Model Overview
This model, vikash06/llama-2-7b-small-model-new, is a 7 billion parameter Llama 2 variant that has been fine-tuned on a small, experimental dataset. The primary goal of this project was to assess the performance implications of training longer on a more constrained dataset.
Key Capabilities
The model is designed to handle a variety of natural language tasks, including:
- Creative Writing: Generating open-ended, creative responses based on specific instructions.
- Closed QA: Providing factually correct answers from a given passage of text.
- Open QA: Answering questions using general world knowledge or requiring minimal external search.

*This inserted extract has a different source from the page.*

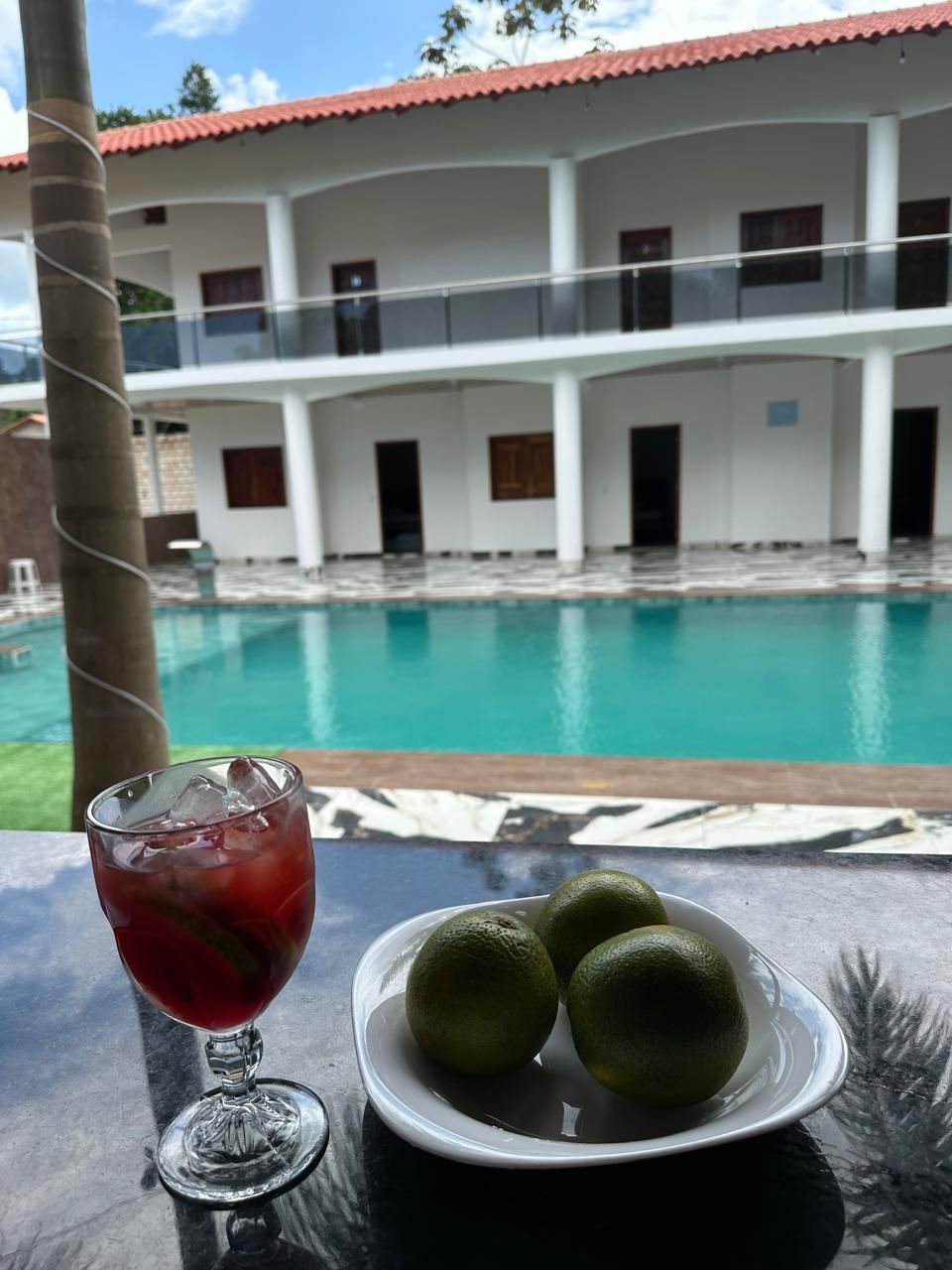 Piscina — Área de lazer durante o dia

- Summarization: Condensing paragraphs from source texts like Wikipedia.
- Information Extraction: Identifying and extracting specific details from provided passages.
- Classification: Categorizing entities based on given lists or examples.
- Brainstorming: Generating multiple ideas in response to a prompt.
Performance and Evaluation
Evaluations were conducted using the EleutherAI lm-evaluation-harness on the HellaSwag task, with results indicating a score of 72.35. Further evaluation on the Open LLM Leaderboard shows an average score of 46.62 across various benchmarks, including:
- AI2 Reasoning Challenge (25-Shot): 45.22
- MMLU (5-Shot): 46.23
- TruthfulQA (0-shot): 42.46
- Winogrande (5-shot): 63.93
- GSM8k (5-shot): 9.55
Training Details
The model was fine-tuned using torch, transformers, peft, bitsandbytes, and trl libraries. The training involved 1000 carefully selected samples for each category, run for 50 epochs with a batch size of 2. The training consumed 0.432 kg/kWh of carbon over 28 hours on a6000 48GB GPUs.